World News

As Australian Cardinal Confronts Abuse Charges, a Guide to the Case

Posted March 3, 2018 3:28 p.m. EST

Cardinal George Pell, the Vatican’s third-highest-ranking official, will appear in a Melbourne, Australia, court Monday for the start of several weeks of hearings to determine whether he will face trial on charges of “historical sexual offenses.”

The slow-moving case — charges were filed in June — will be a test of both Australia’s justice system and the Vatican’s efforts to hold clerics accountable after decades of abuse scandals.

Here is a guide to what we know, what we don’t know — and how the case will be shaped by Australia’s court system.

Who is Cardinal George Pell?

The son of a Catholic mother and an Anglican father, George Pell grew up in Ballarat, a mining town northwest of Melbourne, where he also served as a priest from 1971 to 1984.

During that time, accusations of abuse by priests swirled through the area, but Pell later said he had no memory of hearing about specific substantiated cases of sexual abuse.

His rise through the church was swift. He became bishop of Melbourne in 1996. Less than a year later, he formed the “Melbourne Response,” a process to investigate local accusations of sexual abuse against Catholic clergymen.

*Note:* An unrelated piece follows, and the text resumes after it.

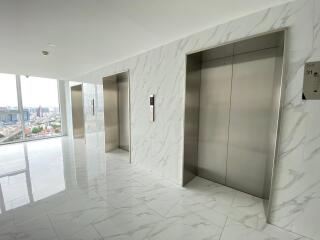 Modern lobby with elevators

More than a dozen priests accused of abuse stepped down during Pell’s time in Melbourne, but he also protected the church’s finances. The Melbourne Response capped payouts to victims at 50,000 Australian dollars ($38,000), far below what victims in other countries would later receive.

In 2007, he was appointed to a council of cardinals assigned to improve the Vatican’s finances. In 2014, Pope Francis named him prefect of the Secretariat for the Economy, effectively making him the Vatican’s treasurer and its third most senior figure.

In June, his legal team received the charges against him in the state of Victoria. Francis gave him a leave of absence to return to Australia to mount his defense.

What has he been accused of?

Pell has been charged with “historical sexual offenses.” No further details of those charges have been publicly released by the courts.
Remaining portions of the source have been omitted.